# What you are asked to do
Would you restate each entry word for word, omitting the pictures?

Stored dataset items:
------------------------------------

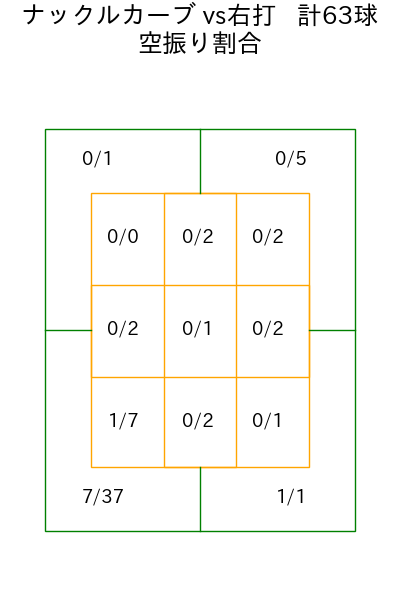 メヒア コース別空振り割合(2025年rs月)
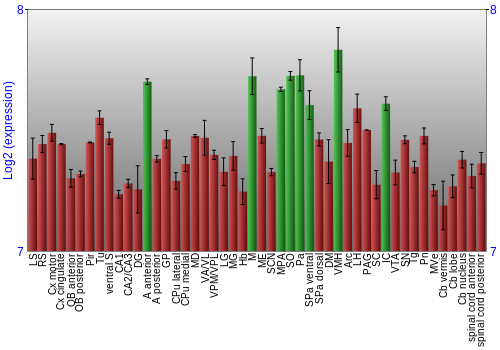 Multi-state expression graph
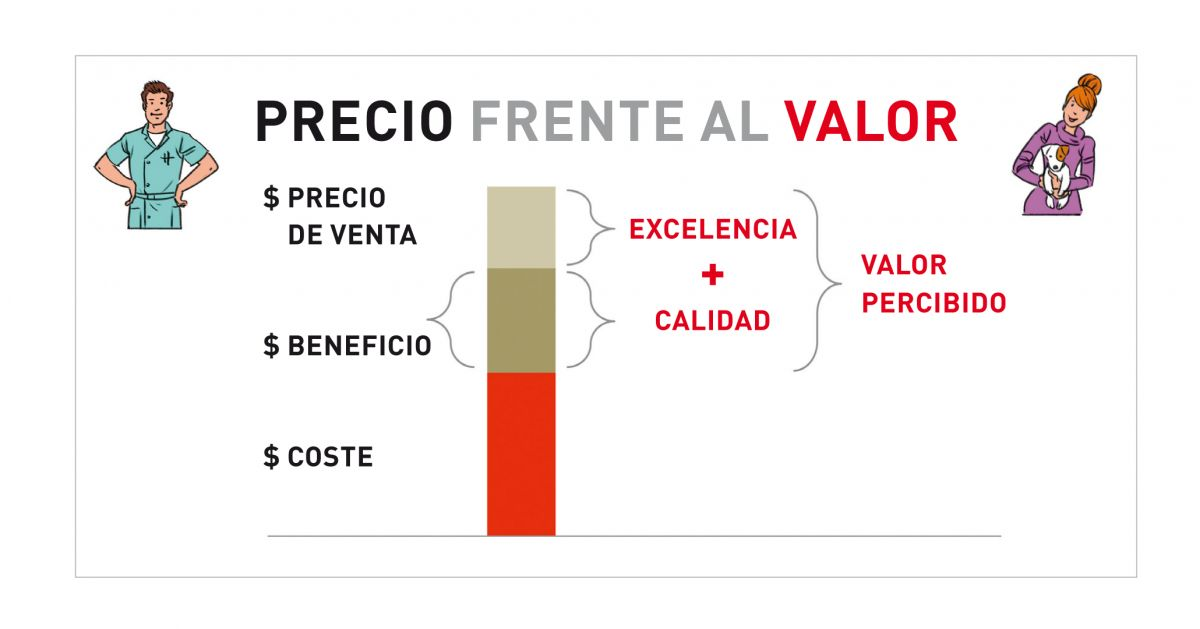 Los clientes deberían percibir que las tarifas veterinarias son inferiores al valor de excelencia que han recibido en la clínica.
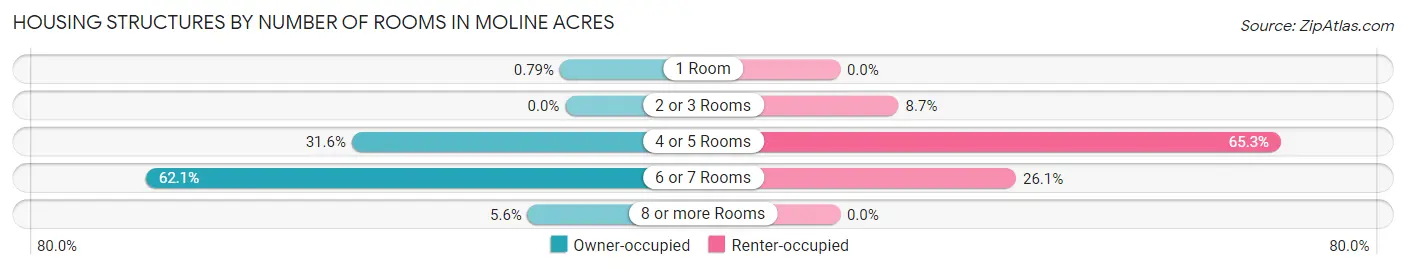 Housing Structures by Number of Rooms in Moline Acres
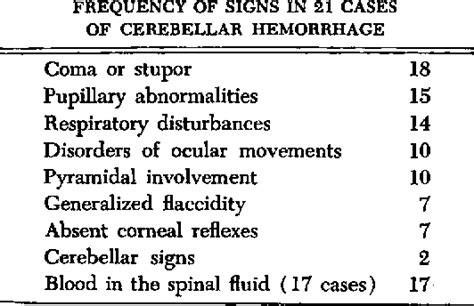 Table 3 From Cerebellar Hemorrhage Semantic Scholar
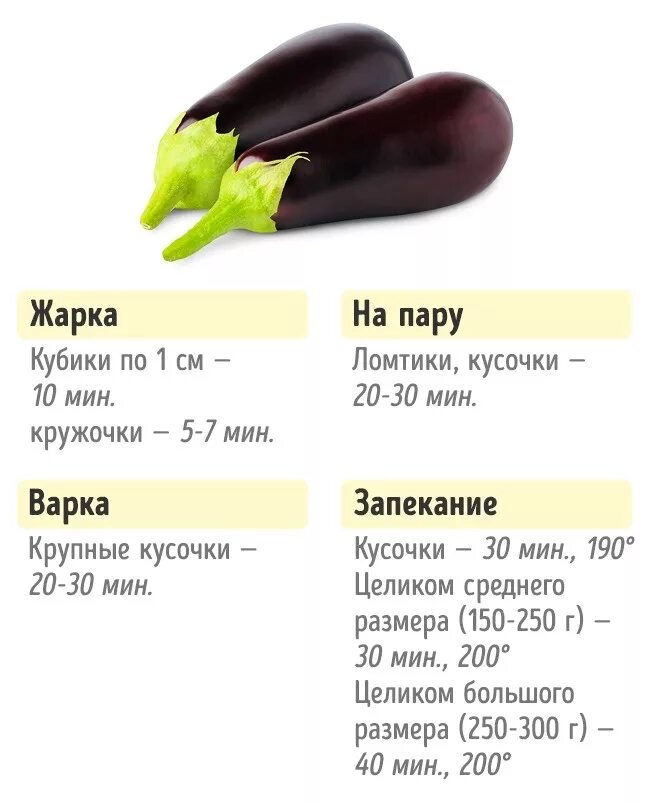 Продолжительность варки овощей. Таблица варки овощей. Таблица продолжительности варки овощей. Сколько готовятся овощи.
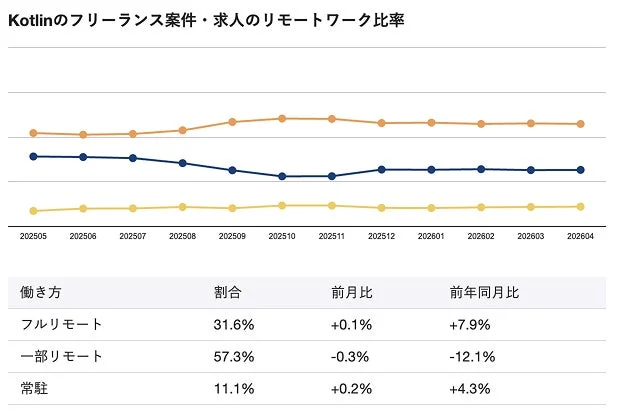 Kotlinのフリーランス案件・求人におけるリモートワーク比率を示すグラフと表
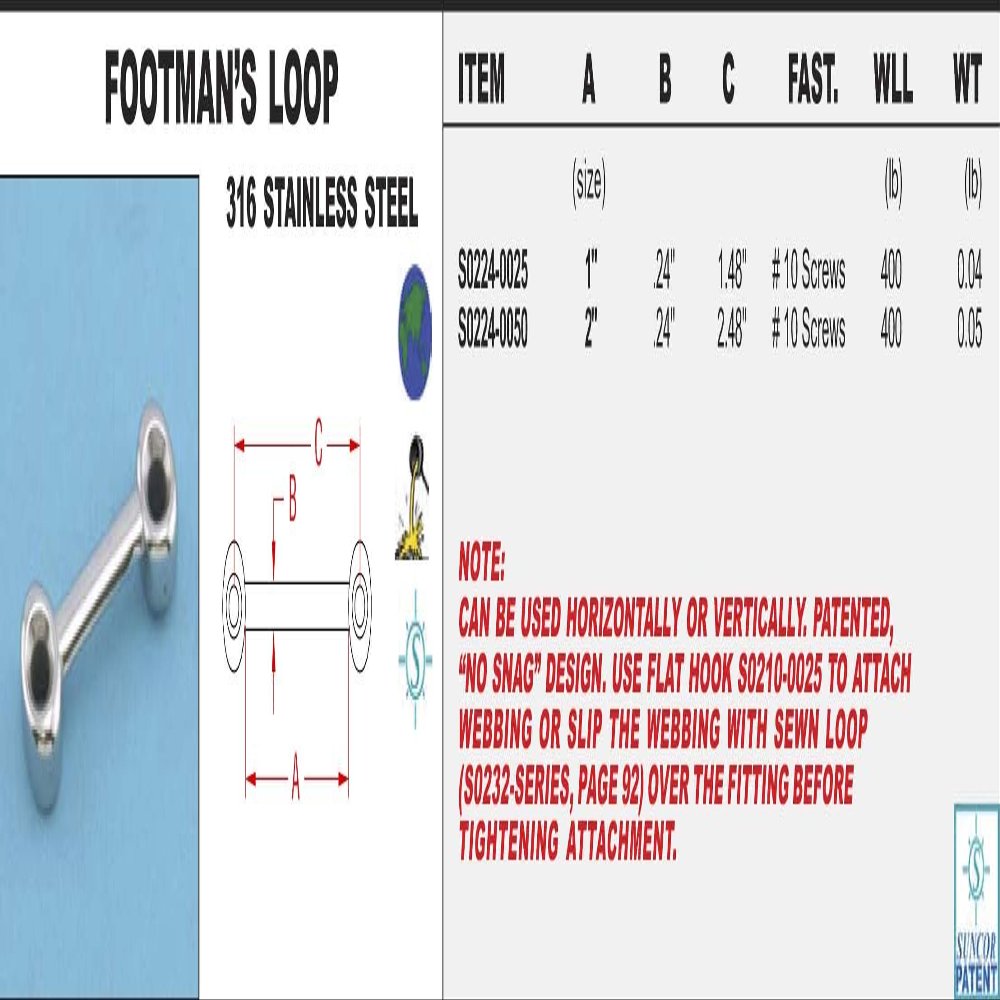 316 Stainless Footman's Loop 2" (S0224-0050)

------------------------------------

# Written answer
 メヒア コース別空振り割合(2025年rs月)
 Multi-state expression graph
 Los clientes deberían percibir que las tarifas veterinarias son inferiores al valor de excelencia que han recibido en la clínica.
 Housing Structures by Number of Rooms in Moline Acres
 Table 3 From Cerebellar Hemorrhage Semantic Scholar
 Продолжительность варки овощей. Таблица варки овощей. Таблица продолжительности варки овощей. Сколько готовятся овощи.
 Kotlinのフリーランス案件・求人におけるリモートワーク比率を示すグラフと表
 316 Stainless Footman's Loop 2" (S0224-0050)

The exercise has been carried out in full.